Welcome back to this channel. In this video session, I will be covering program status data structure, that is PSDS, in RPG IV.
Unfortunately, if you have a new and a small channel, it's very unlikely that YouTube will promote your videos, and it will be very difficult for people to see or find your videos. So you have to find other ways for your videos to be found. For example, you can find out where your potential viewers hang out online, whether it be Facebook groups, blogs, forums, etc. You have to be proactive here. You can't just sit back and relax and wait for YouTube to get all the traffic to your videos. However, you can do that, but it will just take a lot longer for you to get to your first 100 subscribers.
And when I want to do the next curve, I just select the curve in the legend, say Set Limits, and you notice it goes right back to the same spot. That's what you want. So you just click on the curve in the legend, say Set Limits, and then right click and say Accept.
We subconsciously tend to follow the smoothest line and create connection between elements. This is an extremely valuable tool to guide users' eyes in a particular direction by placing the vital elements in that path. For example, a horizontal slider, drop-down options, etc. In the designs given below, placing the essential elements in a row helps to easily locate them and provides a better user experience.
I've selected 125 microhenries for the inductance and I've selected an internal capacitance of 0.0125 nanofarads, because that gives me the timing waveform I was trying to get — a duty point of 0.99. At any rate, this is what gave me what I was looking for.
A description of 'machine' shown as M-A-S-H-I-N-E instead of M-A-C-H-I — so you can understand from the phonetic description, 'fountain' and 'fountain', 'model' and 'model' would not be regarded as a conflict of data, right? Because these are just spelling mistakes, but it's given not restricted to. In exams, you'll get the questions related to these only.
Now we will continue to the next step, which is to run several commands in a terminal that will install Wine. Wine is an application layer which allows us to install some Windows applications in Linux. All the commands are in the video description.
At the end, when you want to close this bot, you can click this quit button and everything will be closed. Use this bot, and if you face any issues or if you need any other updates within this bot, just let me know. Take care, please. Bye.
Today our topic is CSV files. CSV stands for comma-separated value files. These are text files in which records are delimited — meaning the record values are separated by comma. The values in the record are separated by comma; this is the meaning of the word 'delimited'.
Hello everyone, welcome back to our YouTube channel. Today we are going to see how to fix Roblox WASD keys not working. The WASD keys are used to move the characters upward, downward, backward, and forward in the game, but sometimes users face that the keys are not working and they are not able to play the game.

▬▬▬▬▬▬

*Aim of the exercise*:
Starting at the top, retype every line of the material above exactly.

*Exercise response*:
Welcome back to this channel. In this video session, I will be covering program status data structure, that is PSDS, in RPG IV.
Unfortunately, if you have a new and a small channel, it's very unlikely that YouTube will promote your videos, and it will be very difficult for people to see or find your videos. So you have to find other ways for your videos to be found. For example, you can find out where your potential viewers hang out online, whether it be Facebook groups, blogs, forums, etc. You have to be proactive here. You can't just sit back and relax and wait for YouTube to get all the traffic to your videos. However, you can do that, but it will just take a lot longer for you to get to your first 100 subscribers.
And when I want to do the next curve, I just select the curve in the legend, say Set Limits, and you notice it goes right back to the same spot. That's what you want. So you just click on the curve in the legend, say Set Limits, and then right click and say Accept.
We subconsciously tend to follow the smoothest line and create connection between elements. This is an extremely valuable tool to guide users' eyes in a particular direction by placing the vital elements in that path. For example, a horizontal slider, drop-down options, etc. In the designs given below, placing the essential elements in a row helps to easily locate them and provides a better user experience.
I've selected 125 microhenries for the inductance and I've selected an internal capacitance of 0.0125 nanofarads, because that gives me the timing waveform I was trying to get — a duty point of 0.99. At any rate, this is what gave me what I was looking for.
A description of 'machine' shown as M-A-S-H-I-N-E instead of M-A-C-H-I — so you can understand from the phonetic description, 'fountain' and 'fountain', 'model' and 'model' would not be regarded as a conflict of data, right? Because these are just spelling mistakes, but it's given not restricted to. In exams, you'll get the questions related to these only.
Now we will continue to the next step, which is to run several commands in a terminal that will install Wine. Wine is an application layer which allows us to install some Windows applications in Linux. All the commands are in the video description.
At the end, when you want to close this bot, you can click this quit button and everything will be closed. Use this bot, and if you face any issues or if you need any other updates within this bot, just let me know. Take care, please. Bye.
Today our topic is CSV files. CSV stands for comma-separated value files. These are text files in which records are delimited — meaning the record values are separated by comma. The values in the record are separated by comma; this is the meaning of the word 'delimited'.
Hello everyone, welcome back to our YouTube channel. Today we are going to see how to fix Roblox WASD keys not working. The WASD keys are used to move the characters upward, downward, backward, and forward in the game, but sometimes users face that the keys are not working and they are not able to play the game.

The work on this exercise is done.